La KHL a mis en œuvre hier la plus originale des mesures qu'elle a adoptées pour lutter contre la crise financière, très sensible en Russie, qui la menace : la "re-draft". Dans ce système, chaque club protège une liste de 15 joueurs qu'il souhaite garder. Les hockeyeurs non inscrits sont alors proposés "sur le marché", et les clubs qui le souhaitent peuvent alors racheter leurs contrats. Trois joueurs ont ainsi changé de mains. Quant à tous les autres, ils ont vu leur salaire baisser de 20%. Les clubs peuvent alors resigner leur joueurs avec leur rémunération corrigée ou attendre un nouveau "tour de table". Pour les joueurs qui n'intéressent personne, les soldes continuent à -40%, et si personne n'en veut, ils restent dans leur ancienne équipe, mais avec un salaire amputé de 50%.
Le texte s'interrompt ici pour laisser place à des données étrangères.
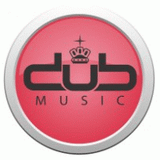 22-kasım-selection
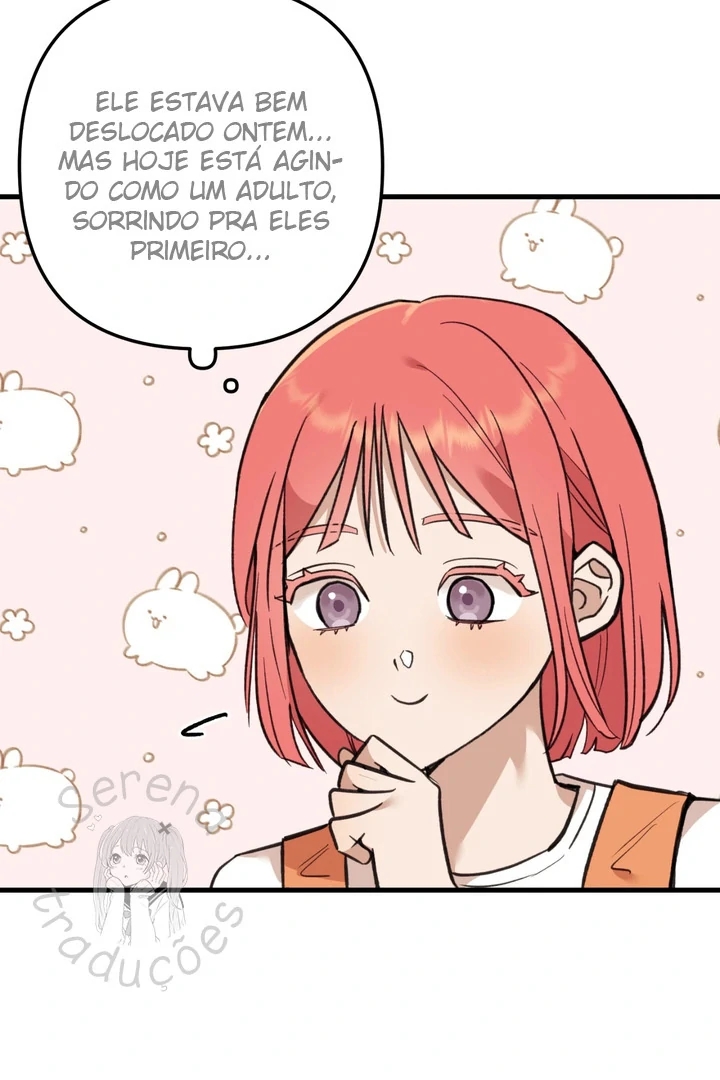 Cap 10 página 61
Avec ce système adopté après discussion avec le syndicat des joueurs (qui redoutait une réduction générale plus drastique encore), les clubs russes ont trouvé un moyen à bon compte de "corriger" certains contrats surévalués. Sur les 59 joueurs encore sous contrat et non protégés (dont 7 étrangers qui ne resteront peut-être pas en Russie), 42 ont perdu la moitié de leur salaire. Seuls 17 ont été recrutés avant le dernier échelon : 9 en étant rattrapés par leur ancienne équipe par crainte qu'ils ne partent ailleurs, et 8 en changeant de club, parmi lesquels Anton But (du CSKA au Khimik Voskresensk) et Aleksandr Drozdetsky (du Spartak au Severstal Cherepovets).